Suspension L7 was then treated with 172 parts of 100% HNO3 in (H) . The acid was introduced at 85C for 120 minutes. The concerns obtained as above Suspension L8 was maintained at 85 tll' in CI) for 2 hours.

The suspension L9 coming out of zone CI) is separated in (J) to form liquid LIO and cake SI. I got O. Cake Sho k (K) VC+Zljoo parts by weight of water (L 25) to obtain cake Sll and iLu. 1 Mixing Lxo and Lll A liquid L17 was prepared. Liquid L17 was mixed at 2,850 parts by weight. This liquid L17 is The following composition remained.

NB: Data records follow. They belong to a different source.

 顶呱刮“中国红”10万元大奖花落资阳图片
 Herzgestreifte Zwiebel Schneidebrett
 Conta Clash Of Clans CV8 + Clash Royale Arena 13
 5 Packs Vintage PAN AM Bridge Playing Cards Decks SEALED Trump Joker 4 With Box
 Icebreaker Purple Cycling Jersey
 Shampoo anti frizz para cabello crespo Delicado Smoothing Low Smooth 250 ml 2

U:2L5% Mo: 0.001% Zr: 0.010% H20 + NO3 + other near 8.489% purified saliva L17 is partially CG ), the cake 86 obtained in the first stage is reused to suspend and the remaining Part L19 constituted the uranium production liquid. The cake sti after drying at 60C is It weighed 32.0 parts by weight. The cake is initially present in the uranium-containing concentrate. The concentration of uranium in the concentrate is This amount represented a loss of 0.4% of the uranium originally present. This loss is In the case of the subsequent method (M), it was resuspended in weakly acidic liquid L2II. Liquid Lu is After filtration with (N), it is reused as liquid L13 in (A).

As mentioned above, by comparing test N and 0, we can obtain by a modification of the method of the invention It is clear that the purity of the uranium-containing liquid L19 increases very significantly.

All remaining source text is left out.